Create a memory keepsake

Help campers create or find a personalized memory keepsake that captures their favorite moments. This could be an arts and crafts project, a drawing of their favorite spot at camp, or a little bottle of lake water. This tangible reminder of their camp experience is something they can hold onto all year long.

  • Set aside time for campers to create or gather their keepsake.
  • Host a sharing session where campers can show their keepsakes and share what they mean to them.
  • If you don’t want campers to take an object from camp, an alternative activity is to create a time capsule that you can open at a later date and fill it with camp keepsakes. You can have a member of year-round staff record a video of the opening ceremony in winter, or even wait until the first day of camp next summer.
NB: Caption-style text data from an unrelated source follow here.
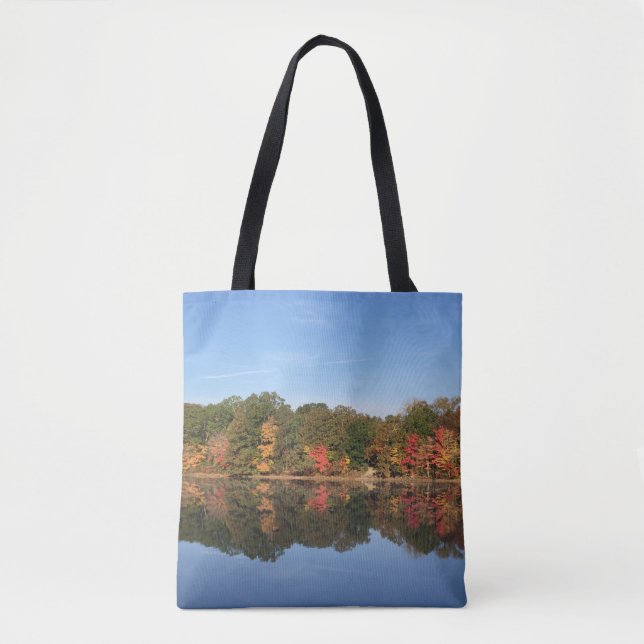 Fall Splendour Tote Bag (Front)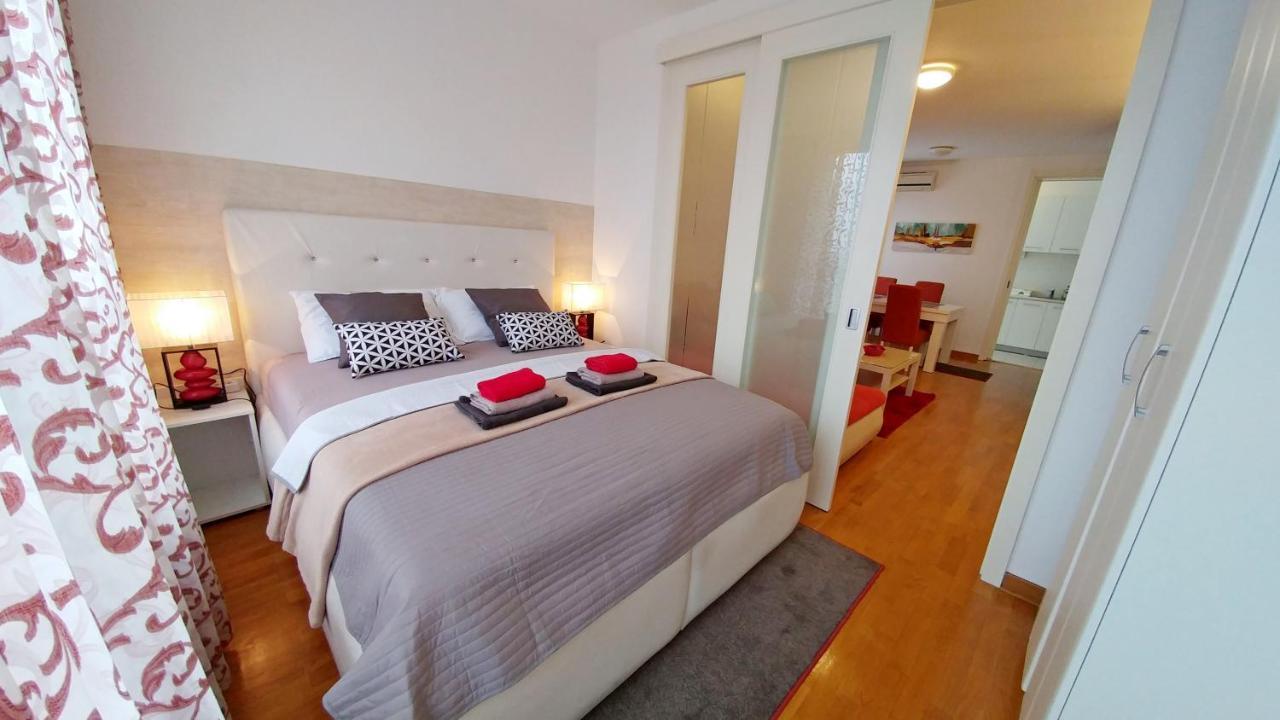 Apartments Belville Lux Beograd Eksteriør billede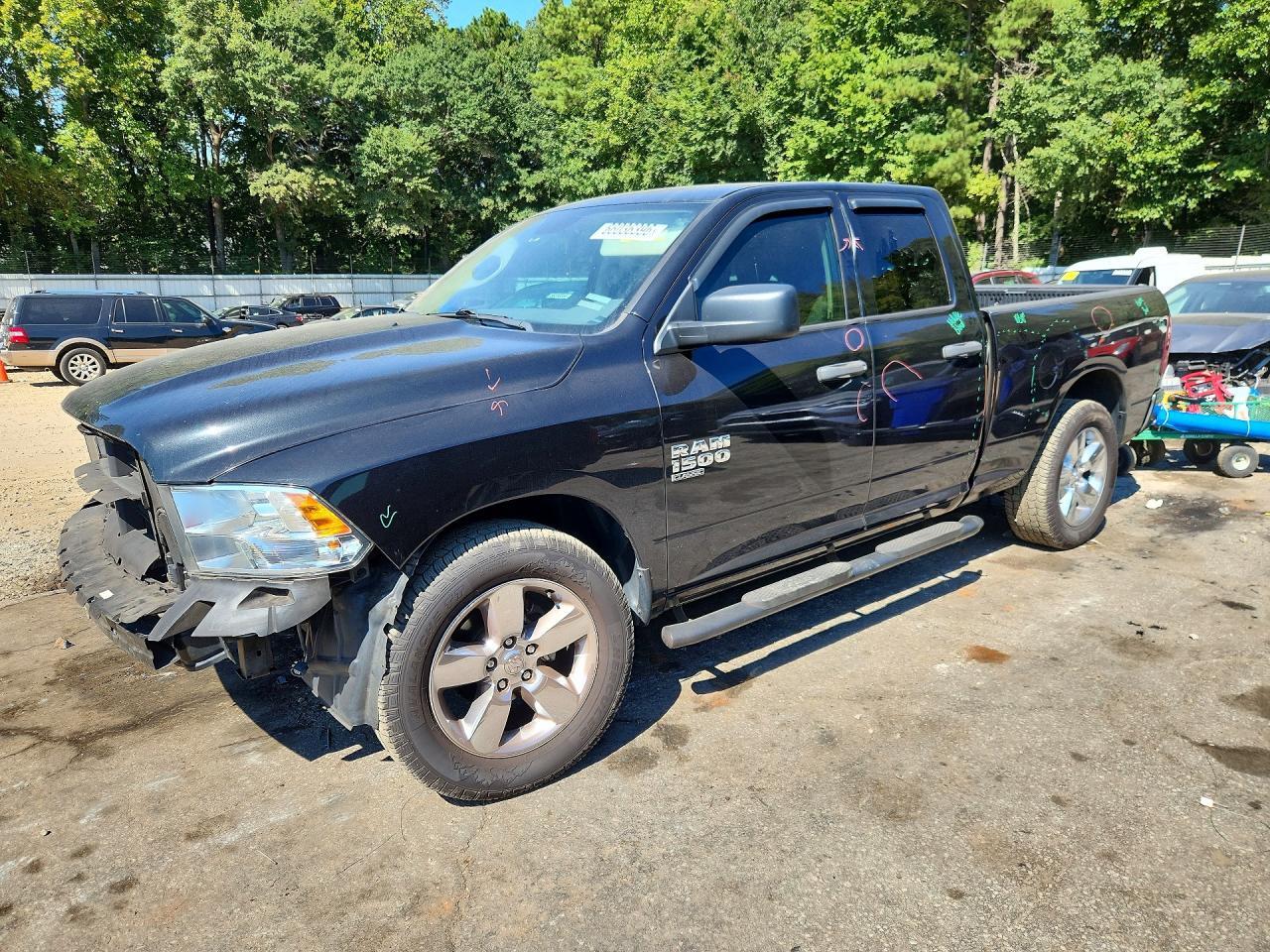 2019 RAM 1500 CLASSIC TRADESMAN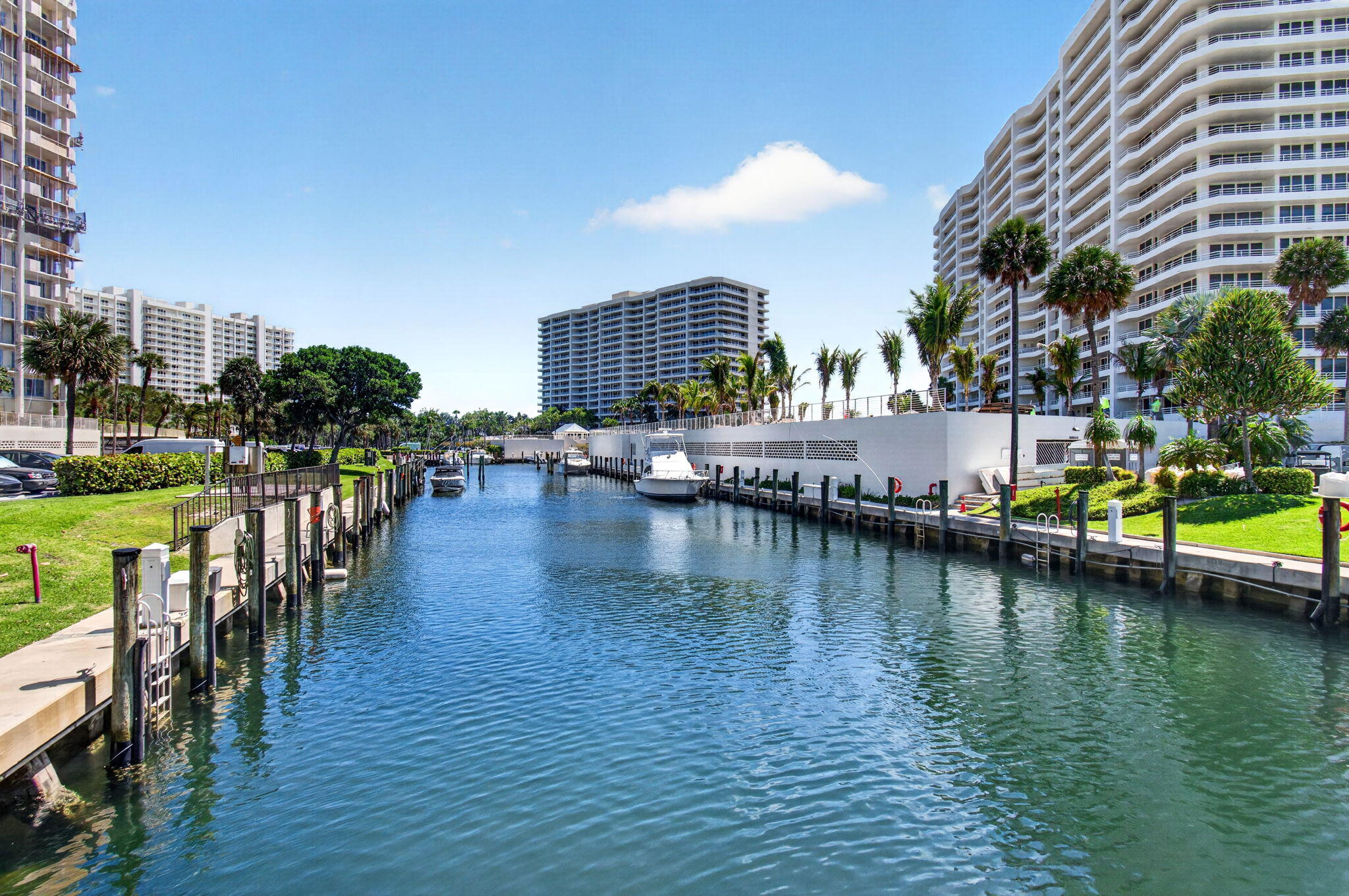 SEA RANCH CLUB OF BOCA II CONDO - Residential Lease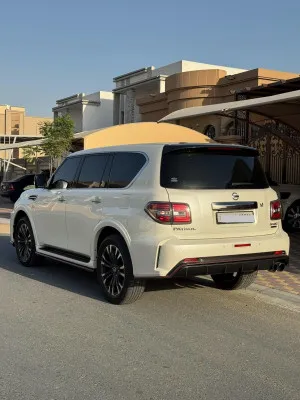 2018 Nissan Patrol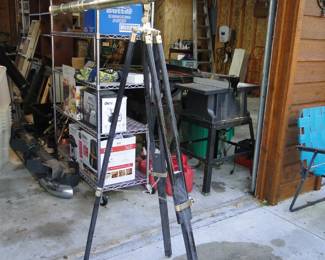 Brass telescope, again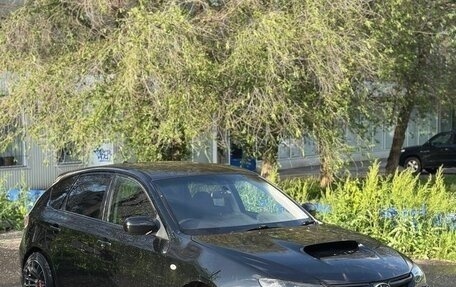 Subaru Impreza III, 2007 год, 900 000 рублей, 3 фотография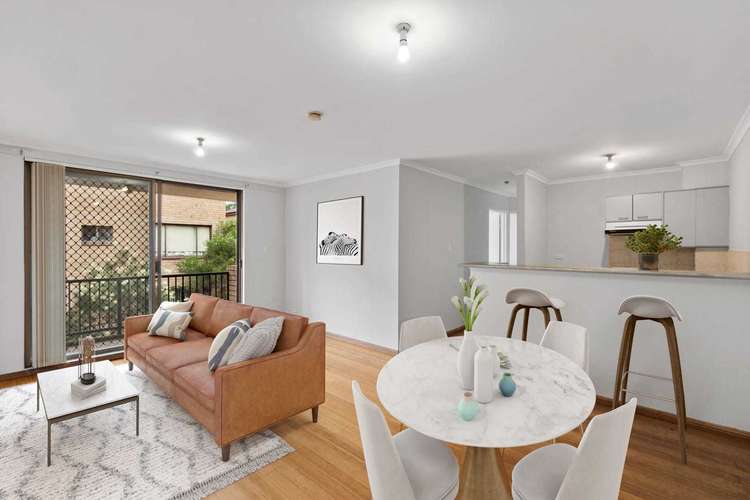 Main view of Homely unit listing, 56/7 Griffiths Street, Blacktown NSW 2148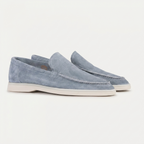 Men's Summer Loafers Casual Flats Slip-on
Provide resources for ongoing engagement

Just because summer ends, that doesn’t mean the feeling of camp has to. You can offer campers resources and recommendations to stay engaged in activities related to their camp experience after camp ends. This can include local clubs, workshops, or online communities where they can pursue their interests and hobbies.

  • Compile a list of these resources related to camp activities or interests, and share it with campers and their families.
  • Recommend books, podcasts, or online resources that align with campers’ interests, to provide them with additional avenues for exploration and learning.

Stay connected through post-camp communication

The moment campers watch their best friends leave camp might be the hardest of them all. Acknowledge that saying goodbye can be challenging and provide emotional support during the departure process. After the final bus departs, maintain open lines of communication with campers and their families. Send follow-up emails or newsletters that share highlights, upcoming events, and opportunities for campers to stay engaged with the camp community. When you keep campers connected, it helps them feel a sense of belonging even when physically apart.

Create a camp newsletter or blog that is shared via email or mailed to campers’ homes. Include updates about upcoming events, camper spotlights, and stories from the camp experience. This provides a tangible connection to camp and allows campers to stay engaged without reliance on social media.

The end of a summer at camp will always be hard, but camp staff can embrace it through thoughtful activities, meaningful discussions, and ongoing support. You guide your campers to process their emotions, foster lasting connections, and hold tightly to the memories they’ve created.